Indeed, if the client only follows links. However, clients are created by human developers, and humans often take the road of least resistance. While there are long-time benefits (robustness) from following links, it is more work in the short term. The API team and I repeatedly experienced that the developers consuming our APIs had 'hacked' our URLs; when we changed our URL templates, their clients broke and they complained. Even though we had tried to explicitly tell them that they must follow links, they didn't. While we never documented our URL templates, they were simply too easy to guess from pure extrapolation.

Hackable URLs are a good idea if you are building a web site, or a level 1 or 2 REST API, but unless you know that all client developers are enthusiastic RESTafarians, consider producing opaque URLs for level 3 REST APIs.

I understand the benefits of the idea that clients must follow links, I just can't see how it would work in reality. Say you are building a website to display products and you are consuming a rest API, how do you support deep linking to individual products? OK, you can either use the same URL as the underlying API or encode it in, but what are you expected to do if the API changes it's links? Redirect the user to your home page? What if you want to display information from 2 or more resources on the same webpage?

It's very common to create a web site where each page calls many individual services. This can be done either from the web server (e.g. from ASP.NET or similar), or from the browser as AJAX calls. This is commonly known as mash-up architecture, because the GUI is really just a mash-up of service data. Amazon.com works that way. You can still deep link to a web page; it's the web page's responsibility to figure out which services to call with what parameters.

That said, as described in the RESTful Web Services Cookbook, you should serve cool URLs, so if you ever decide to change your internal URI template, you should leave a 301 (Moved Permanently) behind at the old URL. This would enable a client that once bookmarked a resource to follow the redirect to the new address.

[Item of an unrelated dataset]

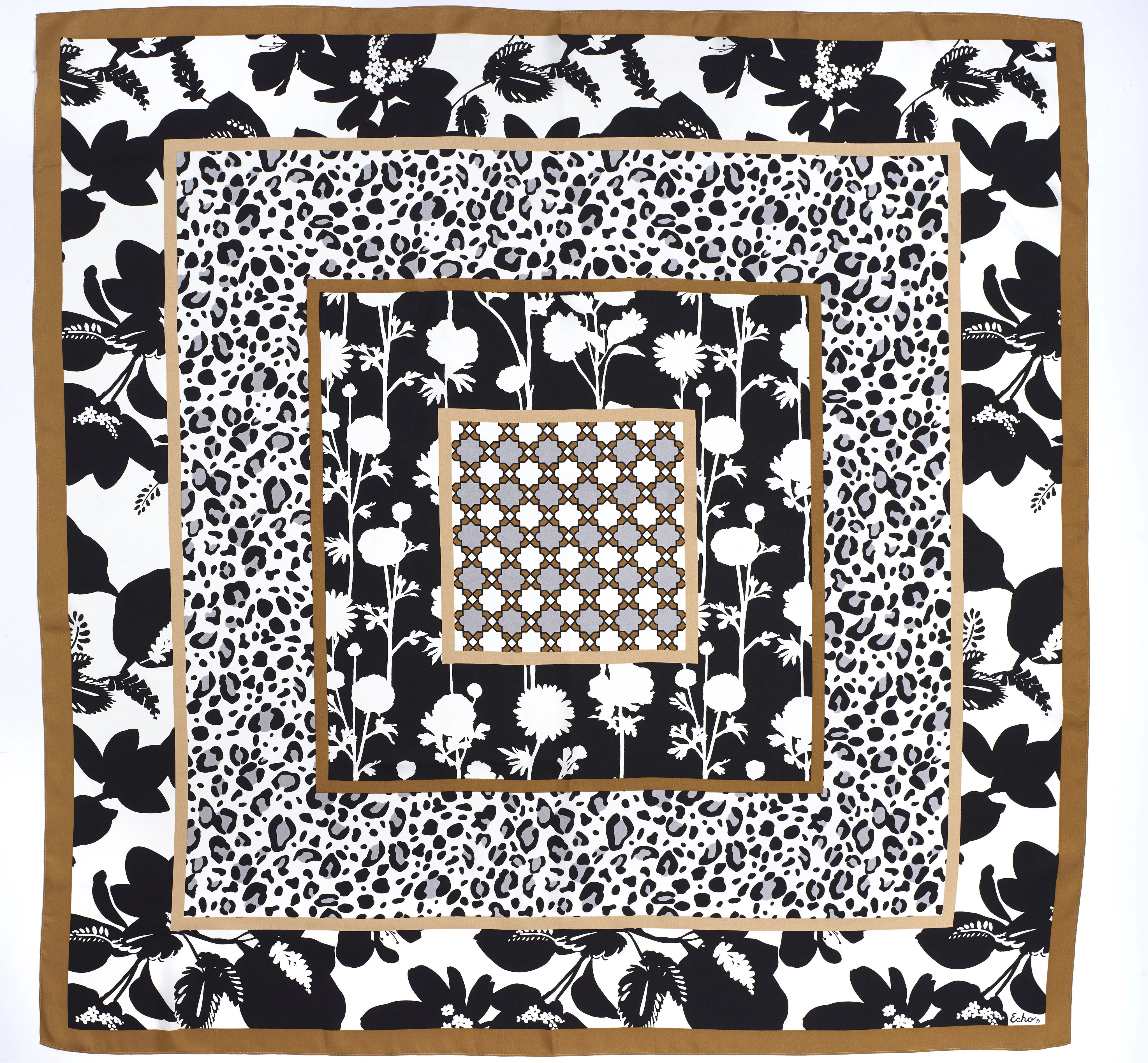 SCARF - FLORAL PATCH SILK SQUARE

The sketch you paint sounds like a lot of work, and it seems that it would be easier if the client could simply assemble appropriate URLs from templates. That would indicate level 1 and 2 REST APIs, which might be perfectly fine if the only purpose of building the service is to support a GUI. However, what you get in exchange for the extra effort it takes to consume a level 3 API, is better decoupling. It's always going to be a trade-off.

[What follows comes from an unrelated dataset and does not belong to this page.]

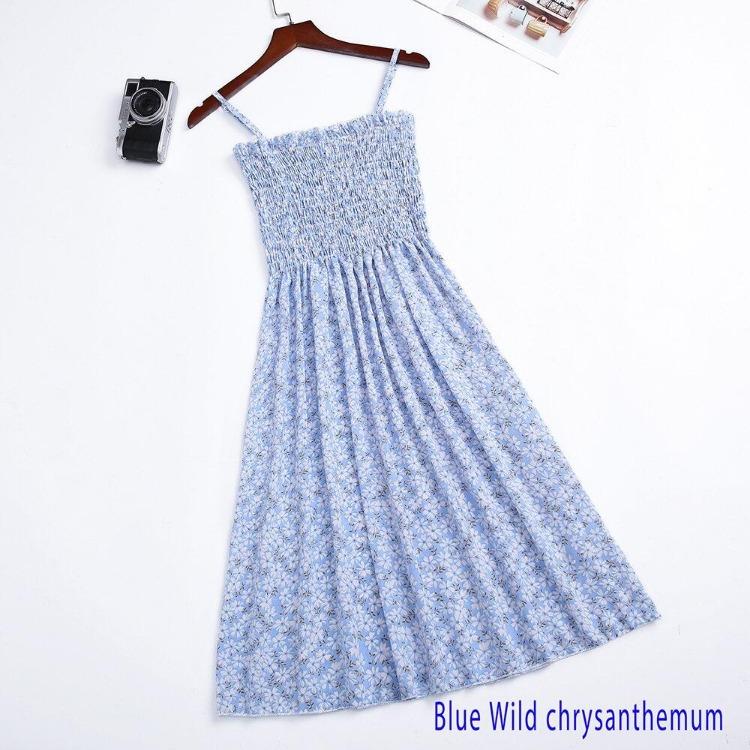 2023 Sommer Blumenbedrucktes Chiffon Mini Kleid Damen Lässig Mode Spaghetti Träger Ärmellos Elastisches Hochtaillenkleid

It's definitely going to be more work to build and consume a truly HATEOAS-based API, so you should only do it if it's going to provide a good return on investment. When would that be? One general scenario I can think of is when you're building a service, which is going to be consumed by multiple (unknown) clients. If you control the service, but not the clients, I'd say a level 3 API is very beneficial, because it enables you to evolve the API independently of the clients. Conversely, if the only purpose of building a service is to support a single client, it's probably going to be overkill.

The way I see it is that being HATEOAS compliant does not impose non-hackable URLs, but that URLs - even if they might look hackable (/1, /2...etc) - are not guaranteed to work, are not part of the contract and thus should not be relied uppon. In other words, a link is only guaranteed to work if you, the client, got it from a previous reponse, be it "hackable-looking" or not.

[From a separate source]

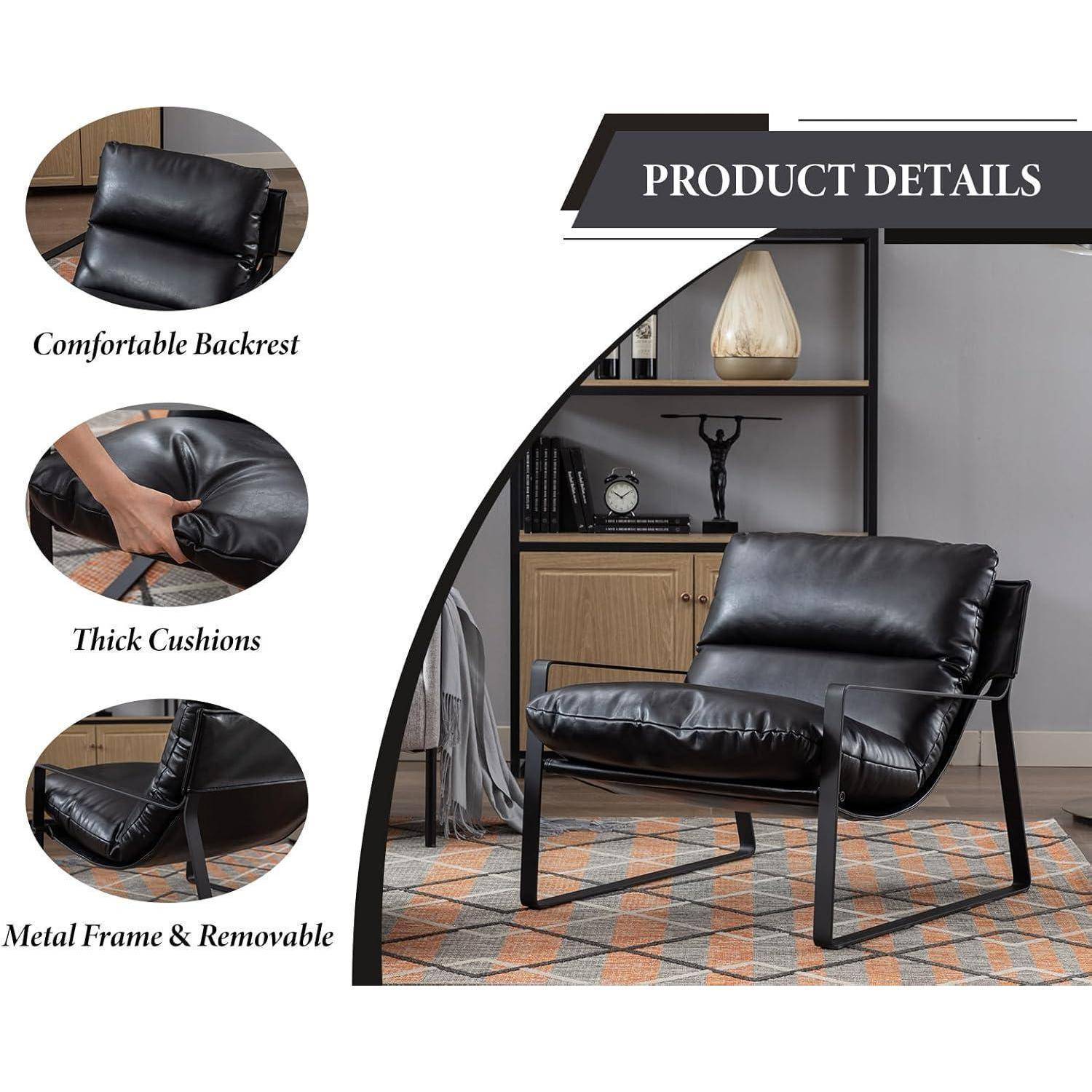 Produktdetails für einen schwarzen Leder-Loungesessel: bequeme Rückenlehne, dicke Kissen und Metallrahmen mit abnehmbarem Bezug.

Reda, thank you for writing. You're right, and if we could rely on all clients to be well-behaved, there'd be no problems. However, in my experience, client developers often don't read the documentation particularly thoroughly. Instead, they look at the returned data and start inferring the URL scheme from examples. I already wrote about this in this post:"The API team and I repeatedly experienced that the developers consuming our APIs had 'hacked' our URLs; when we changed our URL templates, their clients broke and they complained. Even though we had tried to explicitly tell them that they must follow links, they didn't."So, in this imperfect world, non-hackable URLs start to look attractive, because then the client developers have no choice but to follow the links.